From the line with "January month Calendar Stock Vector" to the final line of the data below, please write out every line exactly, with no pictures.

* [Supplied data]
****************************************

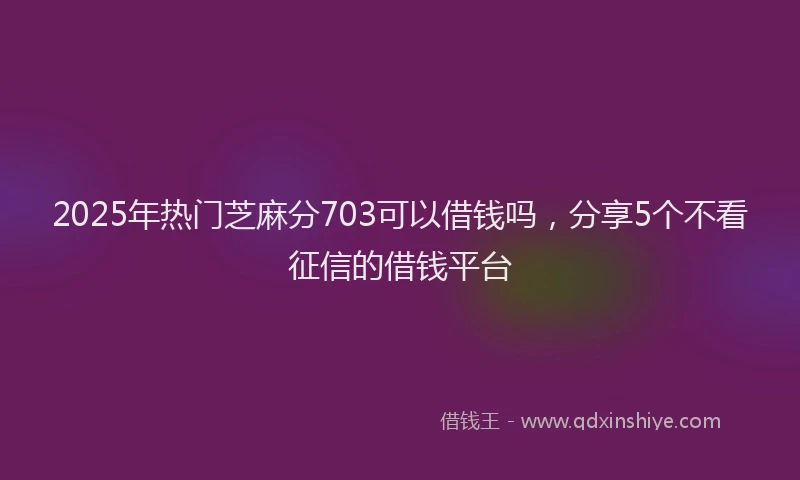 2025年热门芝麻分703可以借钱吗,分享5个不看征信的借钱平台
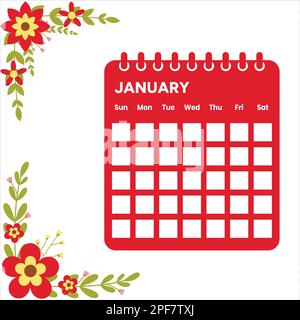 January month Calendar Stock Vector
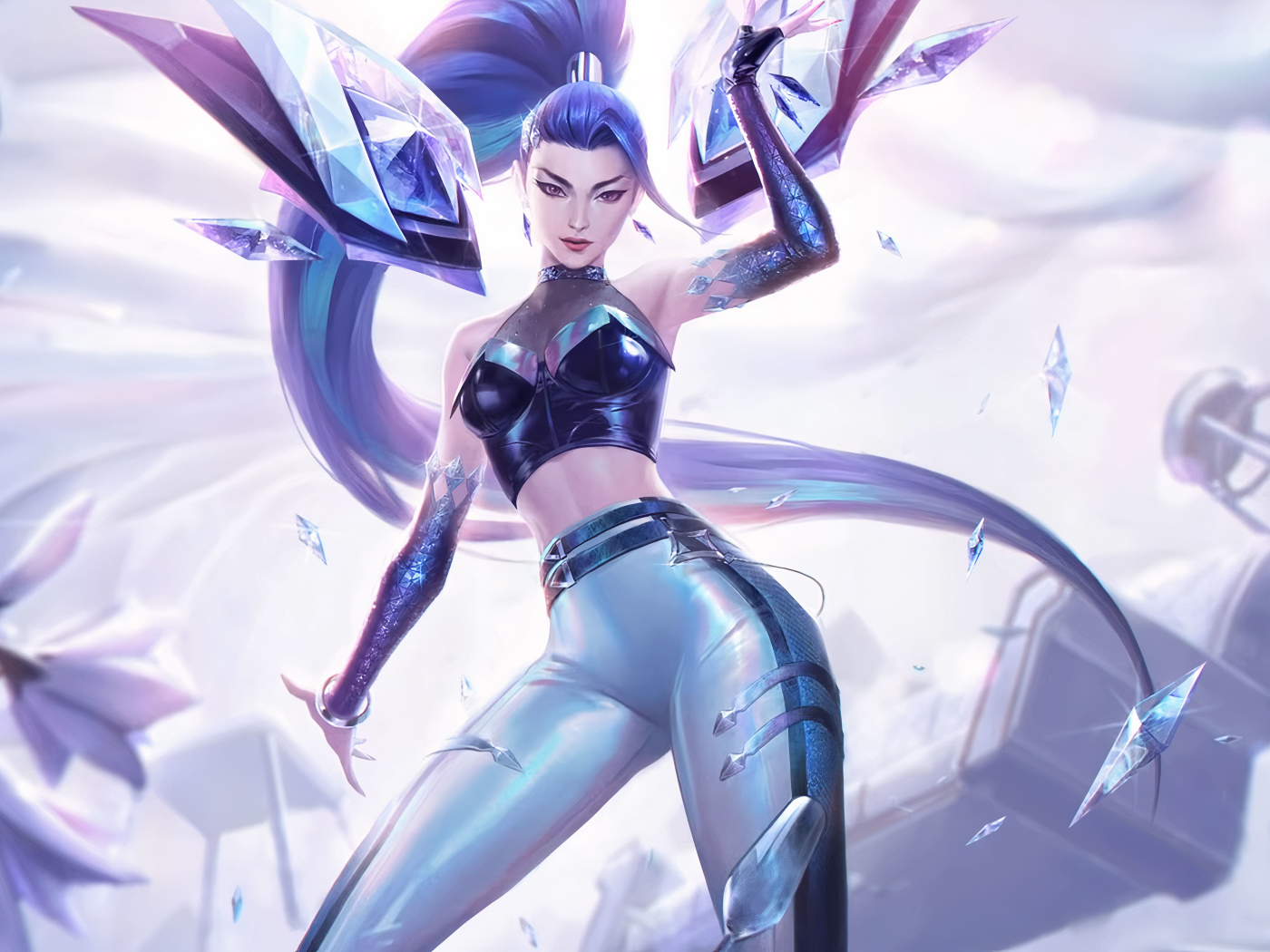 Эффектная девушка аниме кидает кристаллы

****************************************

* [Exercise result]
 January month Calendar Stock Vector
 Эффектная девушка аниме кидает кристаллы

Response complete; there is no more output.